Bishop MacDaid’s Homily Bundoran

Bundoran Mass

 26 September 2010 

Homily

My dear friends,

Try to imagine a July day in Florida, a man sitting at his desk in an air-conditioned room, the temperature in the room a comfortable 68 degrees.  He feels full of energy.

He looks out the window and sees a teenage boy working in the grounds.  He looks like a prisoner doing forced labour.  His movements are slow and he rests frequently.  “How can a young man be so lazy?” the man askes himself.

Later in the morning, the man went outside on some business.  As soon as he stepped outside he was hit by a wave of heat which stopped him in his tracks.  It was over 90 degrees outside and the humidity at least as high.  He realised now what the boy was up against.

Though his world was separated only by the width of a wall from the world of the boy, those two worlds could hardly have been more different.  Yet unless he left his own world and entered that of the youth, he would never have known the difference.  We can be within arm’s reach of someone, yet be living in a different world from that person.  But we’ll never know the difference unless we leave our world and enter that of the other person.  We will never understand it from the outside.

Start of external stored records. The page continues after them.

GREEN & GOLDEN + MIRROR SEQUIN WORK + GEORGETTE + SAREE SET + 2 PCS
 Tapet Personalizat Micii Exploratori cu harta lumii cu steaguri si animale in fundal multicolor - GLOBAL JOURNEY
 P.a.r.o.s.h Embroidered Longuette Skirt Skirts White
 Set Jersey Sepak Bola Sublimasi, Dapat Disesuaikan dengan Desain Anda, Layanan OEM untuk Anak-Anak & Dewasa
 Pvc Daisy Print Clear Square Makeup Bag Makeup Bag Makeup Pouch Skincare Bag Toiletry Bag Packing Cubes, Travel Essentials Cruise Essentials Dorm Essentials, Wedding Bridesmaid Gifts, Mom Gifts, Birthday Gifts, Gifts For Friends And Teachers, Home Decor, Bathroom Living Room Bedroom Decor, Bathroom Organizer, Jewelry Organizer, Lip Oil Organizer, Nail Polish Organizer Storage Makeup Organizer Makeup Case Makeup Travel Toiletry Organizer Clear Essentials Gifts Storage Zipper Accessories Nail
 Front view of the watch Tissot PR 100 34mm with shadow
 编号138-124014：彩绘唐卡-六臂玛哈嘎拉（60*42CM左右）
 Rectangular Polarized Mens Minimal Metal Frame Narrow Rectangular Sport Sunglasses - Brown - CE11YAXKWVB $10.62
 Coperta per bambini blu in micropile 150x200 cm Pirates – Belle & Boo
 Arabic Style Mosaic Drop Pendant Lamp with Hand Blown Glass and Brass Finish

The rich man and Lazarus lived in opposite worlds, yet those worlds lay side by side.  But the rich man never entered the world of the poor man.  He didn’t see Lazarus as a human being.  He was indifferent to him and indifference is not acceptable in the way of Christ.

Riches can make a person self-preoccupied.  They can blind a person to the needs of others and harden the heart.  That is the real tragedy.  The rich man did not in a way hurt or exploit the poor man.  Yet we are told he ended up in the torment of Hades.  He was condemned not because he was rich but because he didn’t show compassion for the poor man.  He lived only for himself.

Sin is not only about doing wrong.  It is also about not doing good, doing nothing, or worse still the sin of indifference.  This is not a pleasant parable and there is no happy ending for Dives, the central character in the story.

May the Lord, who entered fully into our world, help us to enter the world of those who are in pain or in need.  Then, having experienced what life is like for them, we will surely be moved to do what we can to help them.  As people who stand in daily need of God’s mercy and goodness, as people who pray with hands held out like a beggar’s bowl, we should in turn try to be kind, generous and merciful with others because the measure we give will be the measure we receive.